Let T be a rooted phylogenetic X-tree whose edge lengths satisfy the ultrametric condition. If k is a branching value for T, then

$$\begin{aligned} m(T,k) = \prod \limits _{i \in \{1, \dots , k\}} \lambda (\kappa _i(k)). \end{aligned}$$

Proof

By Corollary 1, each maxPD set contains exactly one leaf from component \(\kappa _i(k)\), for all \(i \in \{1,2, \dots , k\}\). There are exactly \(\lambda (\kappa _i(k))\) ways to choose one leaf from component \(\kappa _i(k)\). Since the choice in each component is independent of the choices in all other components, \(m(T,k) = \prod \limits _{i \in \{1, \dots , k\}} \lambda (\kappa _i(k))\). \(\square \)

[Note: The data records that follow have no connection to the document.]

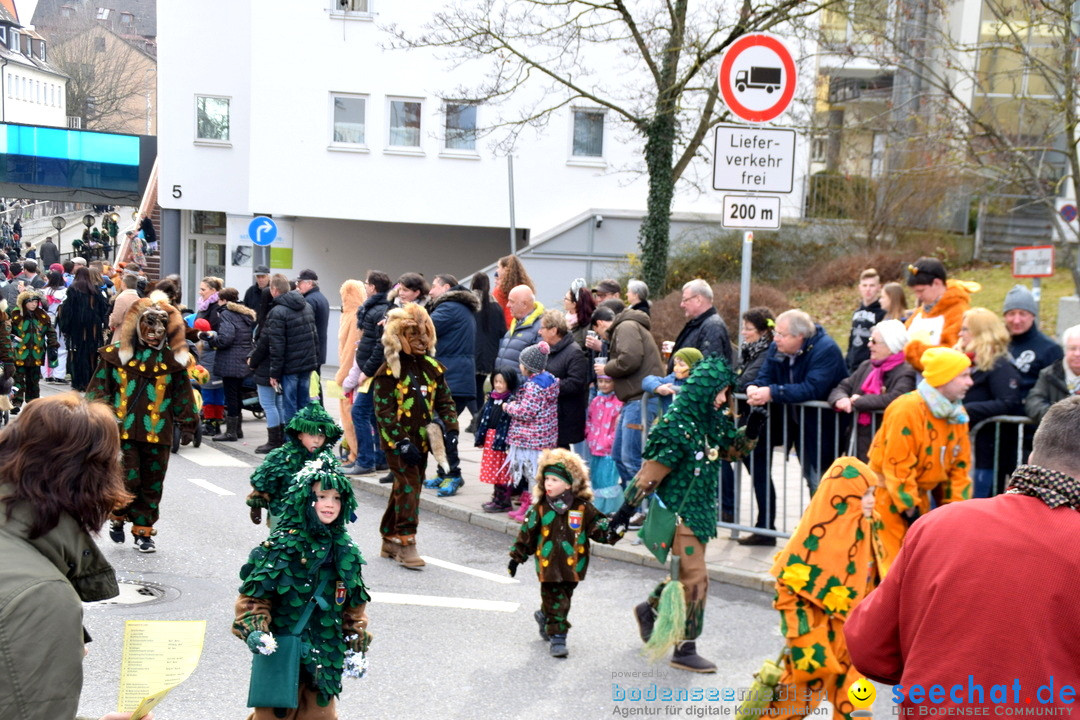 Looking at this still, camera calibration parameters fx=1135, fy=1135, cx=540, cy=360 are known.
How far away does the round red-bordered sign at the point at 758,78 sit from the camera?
7.93 metres

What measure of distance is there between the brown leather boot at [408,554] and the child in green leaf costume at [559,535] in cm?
187

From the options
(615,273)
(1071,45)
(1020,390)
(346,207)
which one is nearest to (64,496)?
(1020,390)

Example. Mazel et al. (2018) exhibit a phylogeny of 32 mammal families (reprinted as Fig. 4). Let us call this phylogeny P. We calculate the number of size-8 and size-16 maxPD sets for P.

The family Leporidae appears as a single vertex component in both \(P[R(d_8)]\) and \(P[R(d_{16})]\). For \(P[R(d_8)]\), the components appearing clockwise, starting from Leporidae, have sizes 1, 8, 3, 2, 7, 3, 5, and 3. The product of these values gives a total of 15120 size-8 maxPD sets for P. Note that this represents 0.14% of the possible sets of 8 leaves. For \(P[R(d_{16})]\), the components appearing clockwise, starting from Leporidae, have sizes 1, 2, 4, 1, 1, 3, 1, 1, 2, 1, 4, 3, 5, 1, 1, and 1. This gives a total of 2880 size-16 maxPD sets for P.

Fig. 4
figure 4

A phylogeny of 32 mammalian families, appearing originally as Fig. 3a in Mazel et al. (2018)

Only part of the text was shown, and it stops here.